IoT Device Resilience During Connectivity Loss

The inevitability of network outages in a distributed system is captured by the CAP theorem, formulated by Eric Brewer in 2000 and proved by Gilbert and Lynch in 2002: from the trio of consistency, availability and partition tolerance, only two can be preserved simultaneously during a network partition. Because a partition is unavoidable, field IoT devices typically choose availability + partition tolerance and lean towards an eventually consistent data model.

Edge computing vs cloud-only

A wide spectrum of designs lies between the two extremes:

Cloud-only: the device handles only sensing and actuation; every decision happens in the cloud. Easy to build, but useless when the network is down.
Edge-first / fog computing: critical decisions are made on the device; the cloud is used for analytics and long-term optimisation. NIST SP 500-325 frames this as the fog reference architecture.
Hybrid / hierarchical: local control rules on the device, heavy model inference in the cloud, with a gateway acting as cache in between.

For applications that demand physical continuity — irrigation, industrial drives, energy management — an edge-first approach is in practice mandatory.

Store-and-forward telemetry

To prevent data loss when the link drops, the device writes telemetry to local persistent storage and forwards it in order once connectivity returns. Common data structures:

Ring (circular) buffer: fixed size; the oldest record is overwritten by the newest. The canonical choice in embedded systems.
Append-only log (write-ahead log, WAL): a record structure that preserves consistency even across power loss.
FIFO queue: preserves message order; combined with persistent-session support such as MQTT QoS 1/2.

Tagging each record with a monotonic timestamp and, ideally, an idempotency key prevents the double-processing problem on replay.
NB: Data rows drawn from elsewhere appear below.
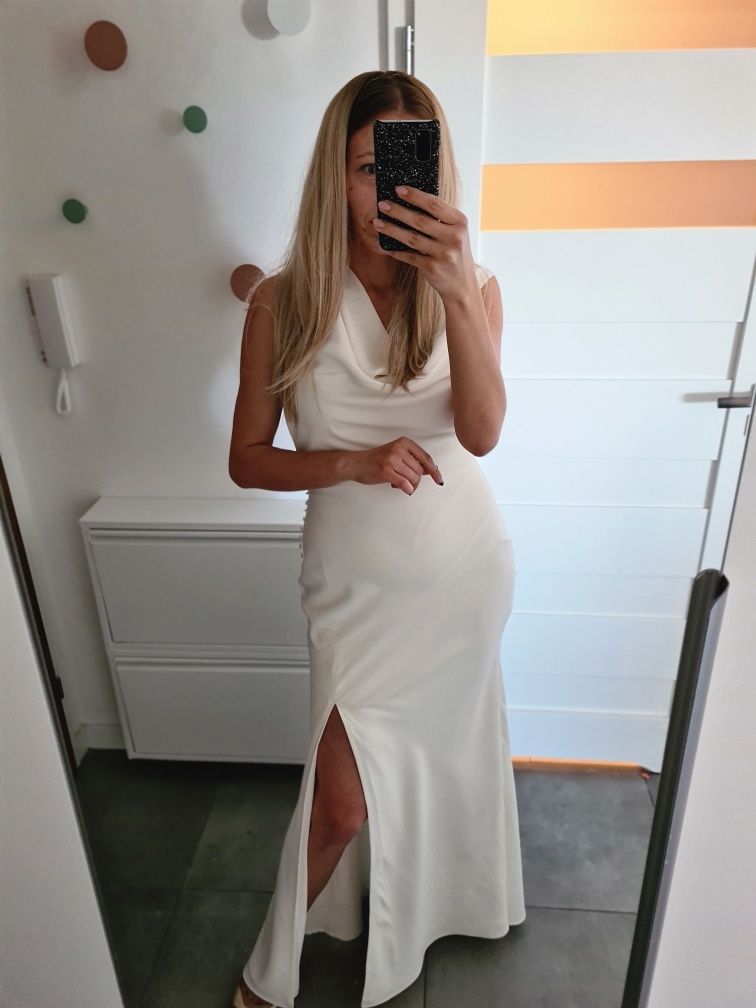 Coast M 38 sukienka suknia ślubna syrenka ślub wesele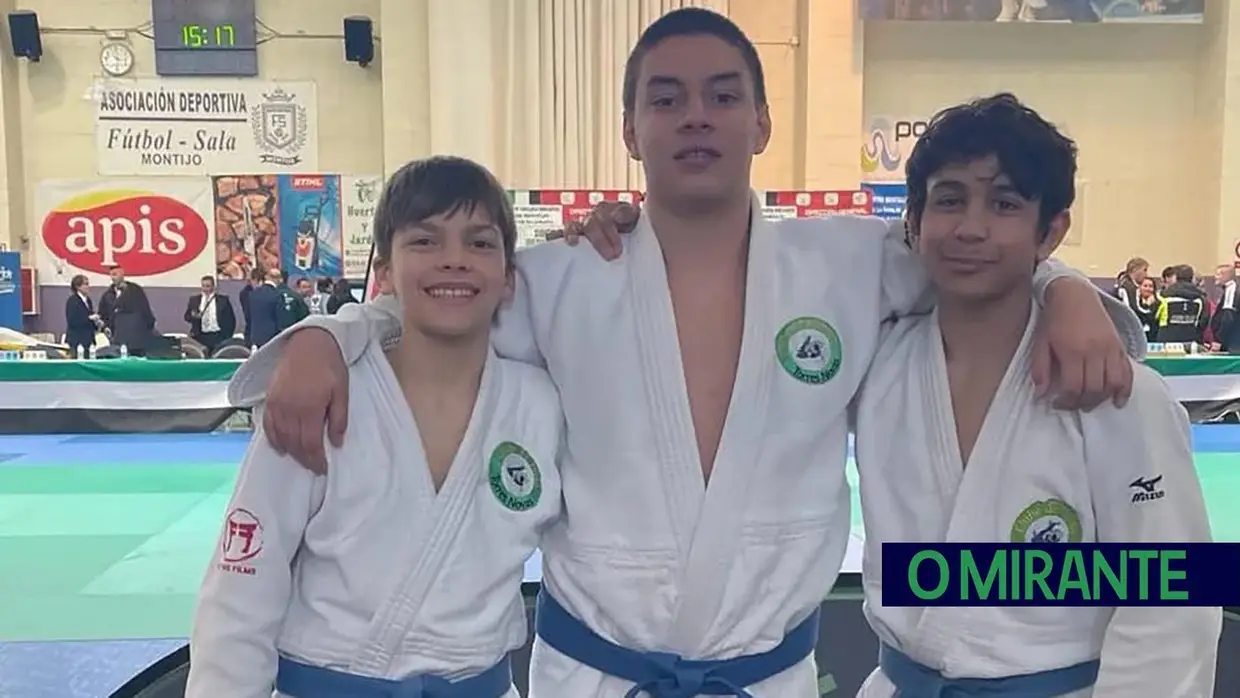 Judoca de Torres Novas com pódio em Badajoz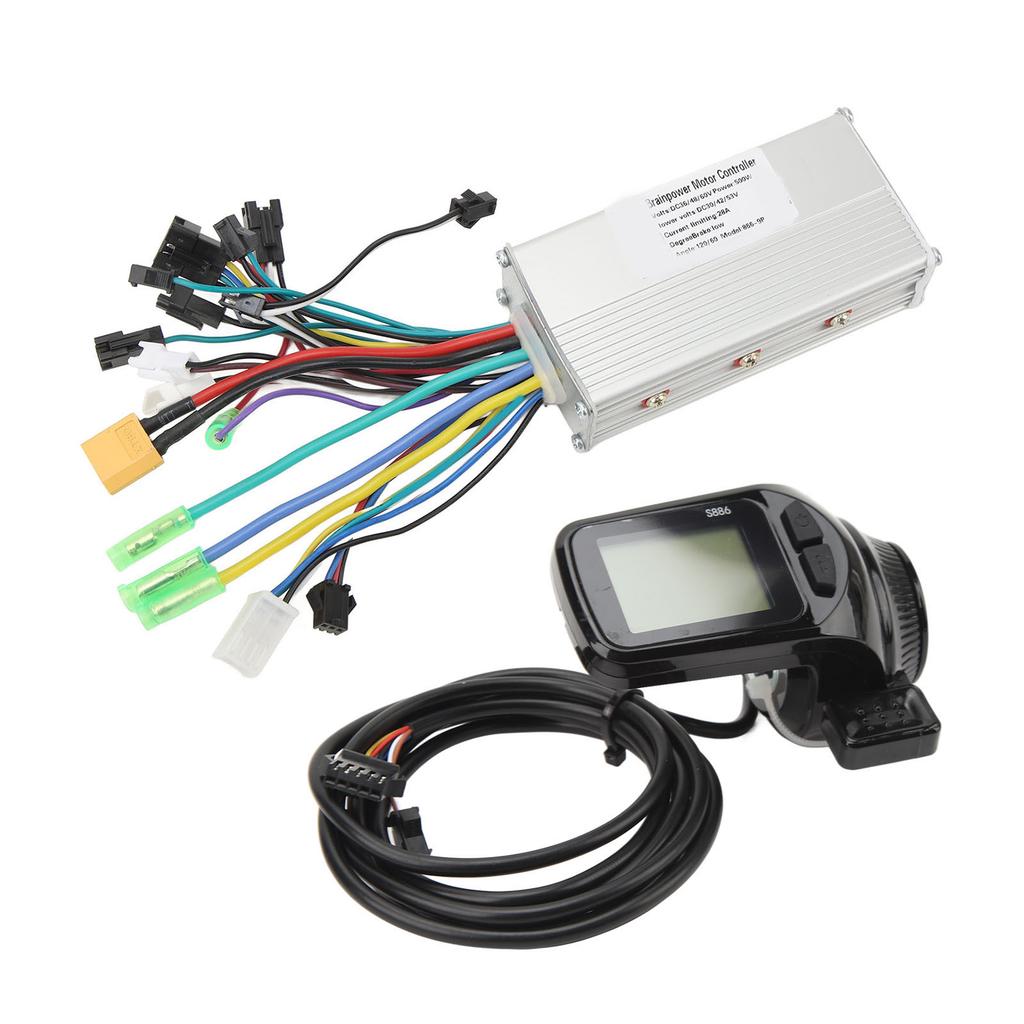 Brushless Motor Controller 36V 48V 60V 500W 28A 3 Mode Sine Wave Motor Speed Regulator with Display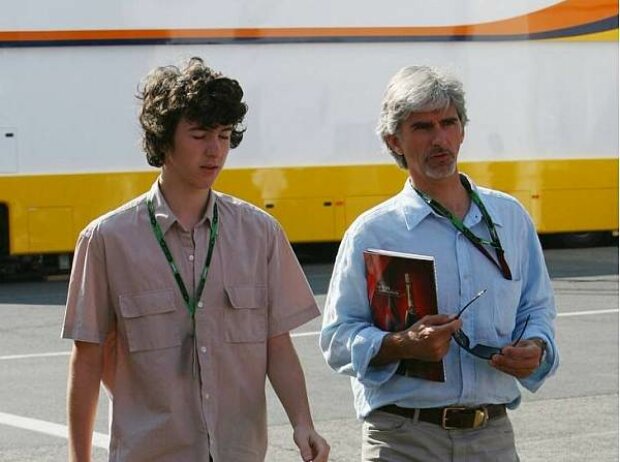 Damon Hill mit seinem Sohn Joshua Damon Hill mit seinem Sohn Joshua
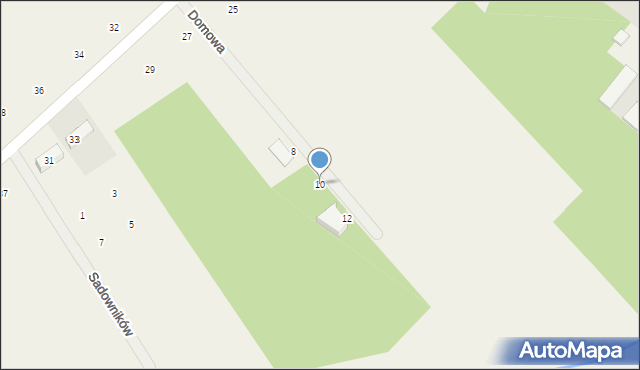 Mroków, Domowa, 10, mapa Mroków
Time consistency: RTC and NTP

Timestamp accuracy is critical on an offline device. Hardware RTC (Real-Time Clock) chips (e.g. DS3231, MCP7940) deliver typical accuracies of ±2 ppm and ±5 ppm — corresponding to 1–3 minutes per year. A backup battery (CR2032 or supercapacitor) keeps the clock alive across power loss. When connectivity returns, drift is corrected by NTP (RFC 5905) or SNTP; in critical systems GNSS-based time synchronisation is used.

Watchdog and recovery

To recover from software failure (infinite loop, memory corruption) without an on-site visit, embedded systems use a watchdog timer. A hardware watchdog resets the MCU if it is not "kicked" periodically. Complementary techniques:

Brown-out detection: a clean reset when the supply voltage falls below a threshold.
Battery-backed RAM / FRAM: retention of state across resets.
Persistent state journaling: atomic writes for information such as which valve is currently open or the latest counter values.
Crash-safe filesystems: power-loss-tolerant filesystems such as LittleFS or SPIFFS.

Eventual consistency: the accepted pattern for reconciling decisions made offline with the cloud is last-write-wins or operational transform / CRDT. In embedded systems, the typical choice is a monotonic counter plus timestamp rather than vector clocks.